21.2.05

L'IRA en odeur de casse en Irlande du Nord

L'énorme braquage de décembre à Belfast est attribué à la branche armée de Sinn Féin.
Par Armelle THORAVAL

lundi 21 février 2005 (Liberation - 06:00)

Londres de notre correspondante

En Irlande du Nord, la crise couve dans le camp républicain catholique. Début décembre, Gerry Adams, leader de Sinn Féin (parti républicain catholique, proche de l'IRA), paraissait sur le point de faire repartir le processus de paix et de partager le pouvoir avec les protestants unionistes. Mais l'énorme braquage commis le 20 décembre dans les locaux de la Northern Bank, à Belfast, où 26 millions de livres (38 millions d'euros) ont été volés, a changé la donne. Imputé à l'IRA, ce casse a donné un coup d'arrêt aux négociations. Découvertes en fin de semaine dernière, des opérations de blanchiment d'argent ont encore aggravé la situation. Dermot Ahern, le ministre des Affaires étrangères d'Irlande a demandé hier à Sinn Féin «d'assumer ses responsabilités» pour franchir ce mauvais cap, affirmant que «les cambriolages et le blanchiment d'argent n'ont pas de place dans la société irlandaise».
L'affaire risque de rebondir demain, quand Paul Murphy, le ministre britannique à l'Irlande du Nord s'exprimera à la Chambre des communes sur les conclusions du rapport de la commission indépendante, installée en 2004 par les gouvernements britannique et irlandais pour surveiller les activités paramilitaires dans l'île.
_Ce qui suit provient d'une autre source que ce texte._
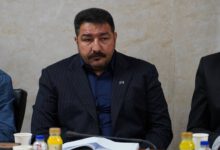 واسطه‌ها، چالش پنهان گلخانه‌های البرز در تأمین بذر است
La commission met au compte de l'Armée républicaine irlandaise, l'IRA, la responsabilité de ce vol spectaculaire et plaide pour des sanctions financières à l'encontre des responsables de Sinn Féin.
Perquisitions. Paul Murphy aura aussi en main le résultat des opérations déclenchées la semaine dernière par la Garda, la police irlandaise, qui a mené perquisitions et gardes à vue à Cork. Elle a notamment trouvé près de 2,3 millions de livres en billets chez un homme d'affaires lié à un ancien vice-président de Sinn Féin, Phil Flynn. Huit personnes ont été arrêtées, dont un cuisinier soupçonné de blanchir de l'argent pour l'IRA. Il a été inculpé, tandis que les autres interpellés ont été relâchés. Pour l'instant, le lien entre l'argent retrouvé et le braquage n'a pas été établi.
Pied de nez ou diversion, Les enquêteurs ont en revanche retrouvé d'autres billets, bien liés ceux-là au hold-up : 50 000 livres étaient dissimulées dans un club de sport de Belfast, réservé à la police... Gerry Adams interprète cette enquête comme une campagne visant à détruire son parti. Rentré précipitamment d'Espagne, il a estimé samedi qu'il s'agissait d'un «procès des médias» et nié toute implication de l'IRA.

Crise du silence.

Sinn Féin et l'IRA ont un autre front à gérer, plus local, mais douloureux. Le 30 janvier, Robert Mc Cartney, 33 ans, et un ami vont boire une bière au Magennis's bar, au centre de Belfast, haut lieu de réunion de l'IRA. Très vite le ton monte, dans des circonstances peu claires. Le pub est bondé. Mc Cartney sera retrouvé sur le trottoir, mort, un couteau planté dans l'artère coronaire. Son copain est en piteux état, mais survit. Les cinq soeurs de Mc Cartney et la mère de ses deux enfants accusent l'IRA d'avoir couvert la fuite du meurtrier. Face à la révolte, l'IRA a fini par encourager ceux qui peuvent «aider la famille» à le faire. Mais pour Robin Livingstone, auteur d'une tribune dans le Guardian et directeur d'un journal ardemment républicain, cette crise du silence serait pire que la précédente.